Tim Walker avatar

Story Points, Lean Principles and Product Development Flow

A “story point” is a unit or measure which is commonly used to describe the relative “size” of a user story (an agile requirements artifact) when it is being estimated. In many cases, a fibonacci sequence of 0,1,2,3,5,8,13,21,... is used during the estimation process to indicate this relative size. One of the reasons for this is to increase the speed in which an estimation is derived. For example, it’s more difficult to agree on the differences between a 5 and a 6 than it is to agree between a 5 and an 8.

It is very common for agile teams to use story points to describe the “level of effort” to complete a user story. That is to say a user story estimated at 5 points should be expected take 5 times as long as a user story with a point of 1. On the other hand, it is also very common for people to include effort, risk and uncertainty (or complexity) in the definition of a story point. That is an 8 is also 4 times riskier than a 2, 4 times more uncertain.

Mike Cohn has stated that it is a mistake to do this:

“I find too many teams who think that story points should be based on the complexity of the user story or feature rather than the effort to develop it. Such teams often re-label “story points” as “complexity points.” I guess that sounds better. More sophisticated, perhaps. But it's wrong. Story points are not about the complexity of developing a feature; they are about the effort required to develop a feature.”

So what do we do with this?

In Donald Reinertsen’s groundbreaking work “The Principles of Product Development Flow” we get a clear sense about how “batch sizes” affect our product development flow. Without going into much detail, it is fair to say that story points describe the “batch size” of a user story. Web definitions define batch size as: “quantity of product worked on in one process step”.

Reinertsen describes some of the principles of how batch sizes relate to our product development flow. For example: Principle B1 “The Batch Size Queueing Principle: Reducing batch size reduces cycle time”. The cycle time is how long it takes, or, the level of effort to complete the story. Smaller stories equal less effort than large ones. This principle would support the story point as a relative unit of effort as Cohn would suggest.

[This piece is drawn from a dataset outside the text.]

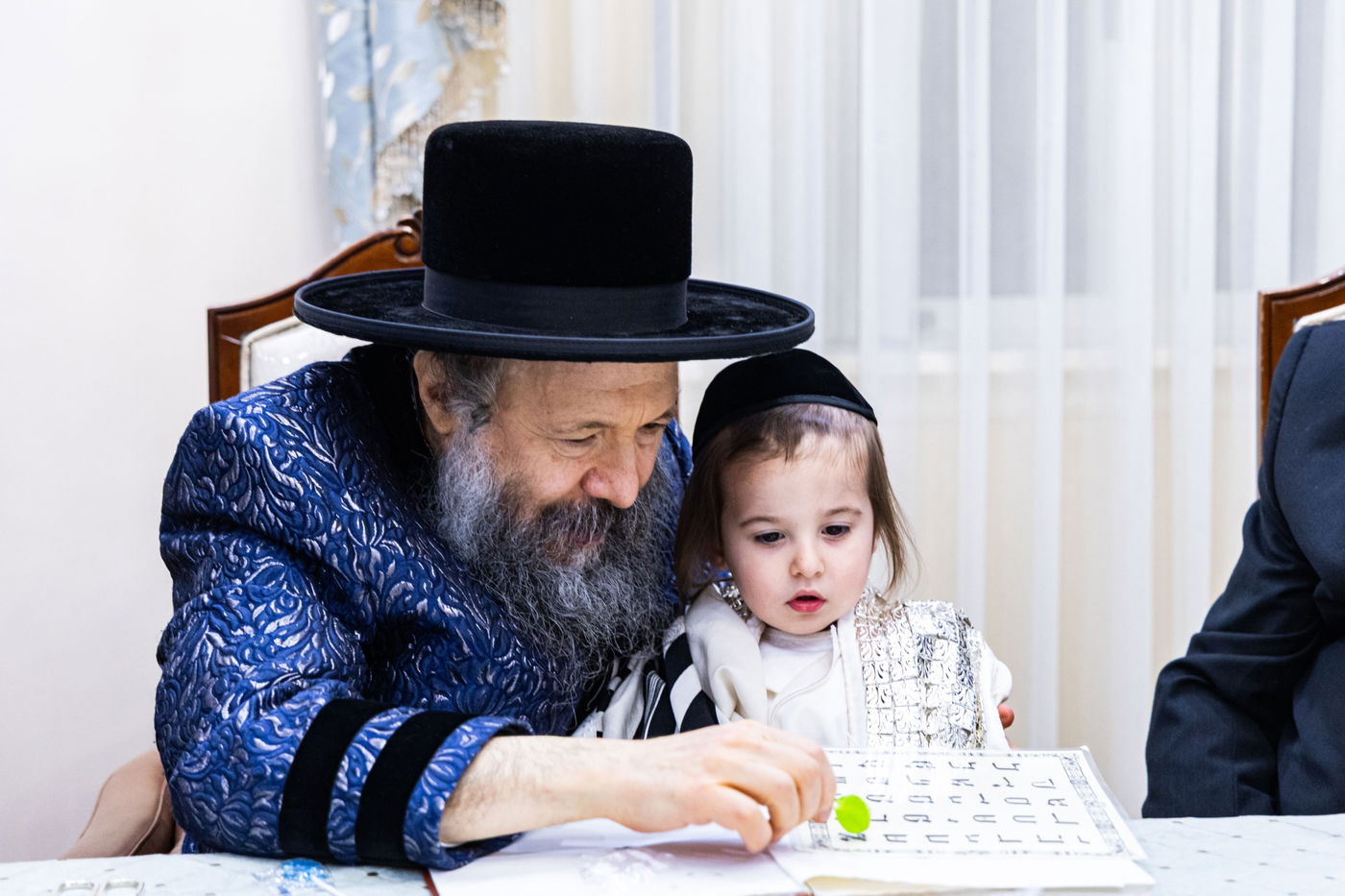 שמחת החלאקה ולימוד א' ב' לנין האדמו"ר מבאבוב 45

There are other principles that might not be so supportive of this perspective.

For example, looking forward to the second batch principle: Principle B2 “The Batch Size Variability Principle: Reducing batch size reduces variability in flow” we beging to see some of the challenges in this as a “relative level of effort comparison” only. If we have significantly increased variability in the size of the story, should we still “expect” a “5” to be the same as 5 “1’s”? All we can really expect” is more variability. Increased risk, schedule delays, unknowns are what we should “expect”.

Let’s look at a few more principles.

B3: The Batch Size Feedback Principle: Reducing batch size accelerates feedback.
In our scrum processes, for example, because of B1 (increased cycle time) would mean that the product owner doesn’t see the work product as quickly, and, in some cases, begins to lose faith or worries and increases pressure or interruptions of the team. Fast feedback is cornerstone to agile and product development flow.

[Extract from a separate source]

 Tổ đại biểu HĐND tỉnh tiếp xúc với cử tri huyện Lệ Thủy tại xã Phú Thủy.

Large batches lead to B7: The Psychology Principle of Batch Size: Large batches inherently lower motivation and urgency. We like to see things get done, it makes us happy. As humans it takes us more time to get on with a huge job, but a simple one we might just knock out and get on to the next one.

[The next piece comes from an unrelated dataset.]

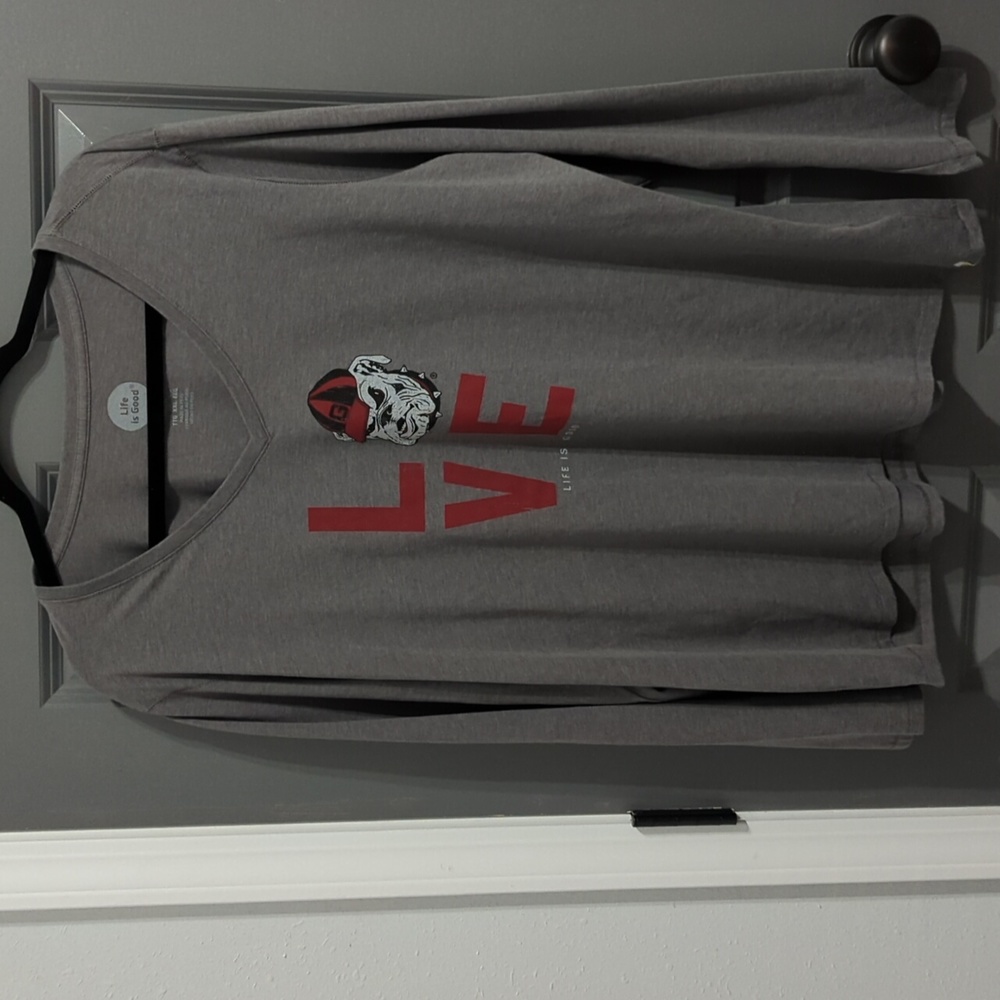 Life Is Good nwot UGA v neck long sleeve XXL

Very little good comes from large batch size as it relates to product development flow. There are 22 Batch Principles and they are all not too supportive of large batch size.

For example, some of them are:
B4: The Batch Size Risk Principle: Reducing batch size reduces risk.
B5: The Batch Size Overhead Principle: Reducing batch size reduces overhead.
B6: The Batch Size Efficiency Principle: Large batches reduce efficiency.
B8: The Batch Size Slippage Principle: Large batches cause exponential cost and schedule growth.

And so on. Large Stories are bad. Really bad. So, what can we do about this in our agile software development process? The most important thing is that we can not “expect” an “8” to take 4 times as long as a “2”. The “Principles of Product Development Flow” tell us that this is impossible.

We need to understand that, regardless of the size, they’re estimates, and not “exactimates” as The Agile Dad says. We need to accept that our estimate of a larger story is less accurate than our estimate of a smaller one.

We need to understand that, since we can not commit to an unknown, it is unrealistic and violates our lean principle of respect for people to ask them to commit to large stories.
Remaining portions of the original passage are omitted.